[Short web captions]
____________________

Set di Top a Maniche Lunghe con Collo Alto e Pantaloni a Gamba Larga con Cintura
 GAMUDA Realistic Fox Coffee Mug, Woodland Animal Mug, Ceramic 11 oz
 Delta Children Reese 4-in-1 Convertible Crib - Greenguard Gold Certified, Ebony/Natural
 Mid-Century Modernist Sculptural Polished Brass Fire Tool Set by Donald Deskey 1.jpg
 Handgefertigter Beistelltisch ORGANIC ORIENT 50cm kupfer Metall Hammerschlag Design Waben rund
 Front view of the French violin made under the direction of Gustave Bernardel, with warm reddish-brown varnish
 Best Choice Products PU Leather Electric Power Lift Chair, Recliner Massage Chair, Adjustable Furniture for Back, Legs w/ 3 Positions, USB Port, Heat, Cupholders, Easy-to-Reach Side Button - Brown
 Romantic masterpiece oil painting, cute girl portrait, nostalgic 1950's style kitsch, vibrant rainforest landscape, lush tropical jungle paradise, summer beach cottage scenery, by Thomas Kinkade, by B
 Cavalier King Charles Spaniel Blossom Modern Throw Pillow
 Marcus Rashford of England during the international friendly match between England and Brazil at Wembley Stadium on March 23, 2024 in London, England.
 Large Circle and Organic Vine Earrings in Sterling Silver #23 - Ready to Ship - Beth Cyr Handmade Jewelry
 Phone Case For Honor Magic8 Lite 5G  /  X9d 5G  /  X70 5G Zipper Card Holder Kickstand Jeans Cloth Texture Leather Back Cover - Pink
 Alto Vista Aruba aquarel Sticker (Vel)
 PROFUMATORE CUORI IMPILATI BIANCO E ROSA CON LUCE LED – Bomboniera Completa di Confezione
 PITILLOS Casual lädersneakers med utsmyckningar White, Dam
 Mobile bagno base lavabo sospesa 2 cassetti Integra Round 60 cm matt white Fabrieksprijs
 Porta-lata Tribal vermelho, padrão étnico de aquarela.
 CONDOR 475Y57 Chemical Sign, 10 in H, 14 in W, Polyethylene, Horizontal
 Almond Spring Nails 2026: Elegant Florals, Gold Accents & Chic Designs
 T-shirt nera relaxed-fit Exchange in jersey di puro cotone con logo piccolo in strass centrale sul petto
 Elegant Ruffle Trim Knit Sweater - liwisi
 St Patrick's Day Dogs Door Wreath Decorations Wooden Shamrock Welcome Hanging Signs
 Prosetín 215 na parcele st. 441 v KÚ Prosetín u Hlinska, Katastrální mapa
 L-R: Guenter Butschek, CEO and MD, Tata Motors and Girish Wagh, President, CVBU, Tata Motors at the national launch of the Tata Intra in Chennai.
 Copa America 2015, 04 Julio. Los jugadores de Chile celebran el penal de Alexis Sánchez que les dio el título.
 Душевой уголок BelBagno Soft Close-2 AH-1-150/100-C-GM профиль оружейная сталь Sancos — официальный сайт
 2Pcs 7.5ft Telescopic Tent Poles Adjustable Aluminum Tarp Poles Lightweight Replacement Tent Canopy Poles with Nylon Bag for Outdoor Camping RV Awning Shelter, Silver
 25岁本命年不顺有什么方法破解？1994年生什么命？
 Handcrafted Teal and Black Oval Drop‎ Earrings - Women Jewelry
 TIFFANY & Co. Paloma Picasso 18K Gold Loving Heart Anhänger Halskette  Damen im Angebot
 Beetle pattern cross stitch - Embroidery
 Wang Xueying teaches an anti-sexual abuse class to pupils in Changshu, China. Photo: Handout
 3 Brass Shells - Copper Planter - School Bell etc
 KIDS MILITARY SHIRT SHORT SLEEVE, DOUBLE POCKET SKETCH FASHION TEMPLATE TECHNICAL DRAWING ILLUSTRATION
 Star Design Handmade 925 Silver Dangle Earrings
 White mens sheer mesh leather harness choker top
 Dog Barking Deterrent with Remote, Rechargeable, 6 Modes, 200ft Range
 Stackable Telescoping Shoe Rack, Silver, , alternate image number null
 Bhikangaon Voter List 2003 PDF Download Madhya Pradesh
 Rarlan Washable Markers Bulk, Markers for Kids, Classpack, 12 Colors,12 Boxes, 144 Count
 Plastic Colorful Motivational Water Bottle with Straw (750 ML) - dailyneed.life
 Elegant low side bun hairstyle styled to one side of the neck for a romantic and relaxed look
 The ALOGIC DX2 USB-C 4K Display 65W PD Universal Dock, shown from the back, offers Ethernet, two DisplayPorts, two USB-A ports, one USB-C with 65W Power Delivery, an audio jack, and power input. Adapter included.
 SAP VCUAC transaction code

____________________

*TASK TO COMPLETE*
Write down again, exactly as given, only the lines above that fall from the line with "3 Brass Shells" to the line with "Elegant low side", inclusive.

*RESPONSE BELOW*
 3 Brass Shells - Copper Planter - School Bell etc
 KIDS MILITARY SHIRT SHORT SLEEVE, DOUBLE POCKET SKETCH FASHION TEMPLATE TECHNICAL DRAWING ILLUSTRATION
 Star Design Handmade 925 Silver Dangle Earrings
 White mens sheer mesh leather harness choker top
 Dog Barking Deterrent with Remote, Rechargeable, 6 Modes, 200ft Range
 Stackable Telescoping Shoe Rack, Silver, , alternate image number null
 Bhikangaon Voter List 2003 PDF Download Madhya Pradesh
 Rarlan Washable Markers Bulk, Markers for Kids, Classpack, 12 Colors,12 Boxes, 144 Count
 Plastic Colorful Motivational Water Bottle with Straw (750 ML) - dailyneed.life
 Elegant low side bun hairstyle styled to one side of the neck for a romantic and relaxed look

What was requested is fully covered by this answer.